Take the following steps to import offline data.

  • Prepare an ECS instance that can interact with Elasticsearch within a VPC. This ECS instance will obtain data sources and execute a job to write ES data (the job is centrally issued by Data Integration).
  • You need to activate the Data Integration service and register the ECS instance to the Data Integration service as an executable job resource.
  • Configure a data synchronization script and make it run periodically.
Steps
  1. Buy an ECS instance that is in the same VPC as the Elasticsearch service. Allocate a public IP address to the ECS instance or enable the elastic IP address for the ECS instance. To lower costs, you can use an existing ECS instance. For how to buy an ECS instance, see Step 2. Create an instance.

    Note
    • CentOS 6, CentOS 7, and AliyunOS are recommended.
    • If the added ECS instance needs to run MaxCompute or synchronization tasks, verify whether the current Python version of the ECS instance is 2.6 or 2.7. (The Python version of CentOS 5 is 2.4 while those of other operating systems are later than 2.6.)
    • Ensure that the ECS instance has a public IP address.
  2. Log on to the Data Integration console to open the workbench.

    If Data Integration or DataWorks has been enabled, you can see:

    If Data Integration or DataWorks is not enabled, the following message is displayed. Follow the instructions to activate the Data Integration service. This is a paid service, so check the quoted price against your budget.

  3. Go to the Project Management-Scheduling Resource Management page of the Data Integration service to configure the ECS instance in the VPC as a scheduling resource. For more information, see Add task resources.

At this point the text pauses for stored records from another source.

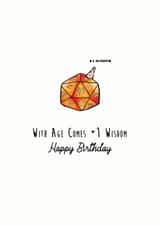 DnD Funny Birthday Card +1 Wisdom created by Lara King Draws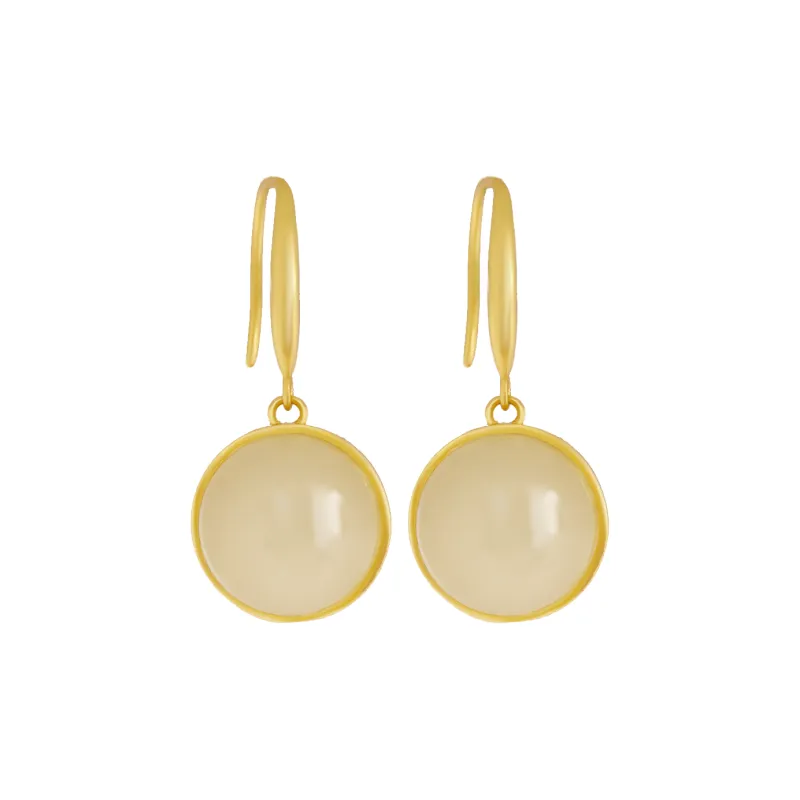 Heng Tai Jewelry Hetian Jade Earrings Green Jade Women's-0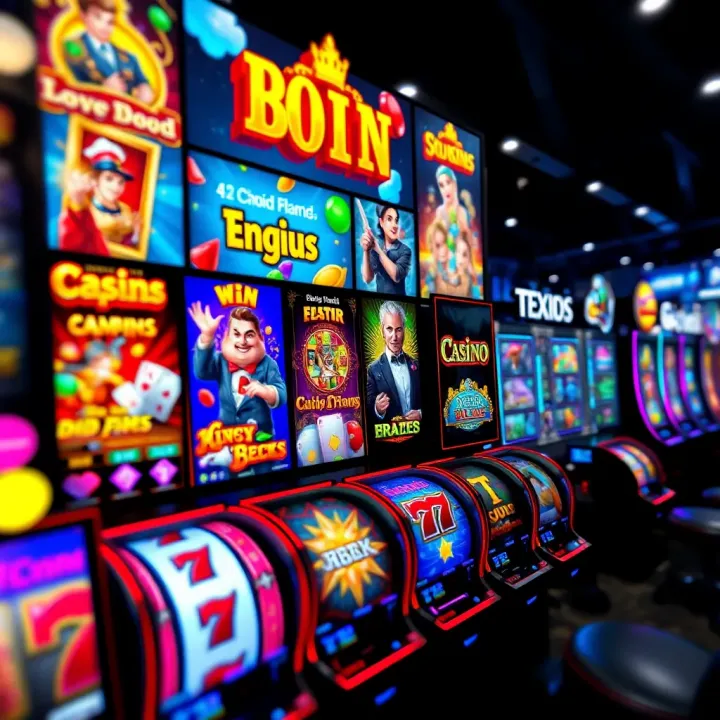 Online casino interface showcasing a variety of slot games with vibrant graphics and engaging themes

  4. Configure the data synchronization script in the Data Integration service. For the configuration procedure, see Script mode configuration. For the instructions on configuring Elasticsearch, see Configure Elasticsearch Writer.

    Note
    • The synchronization script configuration includes three parts: Reader is the configuration of upstream data source (cloud product ready for data synchronization), Writer is the configuration of ES, and setting refers to the synchronization configurations such as packet loss rate and maximum concurrency.
    • The accessId and accessKey of ES Writer are the Elasticsearch user name and password, respectively.
  5. After configuring the script, submit the data synchronization job. Set the job execution cycle and click OK.

    Note
    • If you are configuring a periodic scheduling, set the parameters such as Job Start Time, Execution Interval, and Job Lifecycle in this pop-up window.
    • A periodic job is executed at 00:00 on the next day according to the rule you have configured.
  6. After the submission, go to the O&M Center-Task Scheduling page to find the submitted job, and change its scheduling resource from default to the scheduling resource you have configured.

Import real-time data

This function is currently under development and will become available in the future.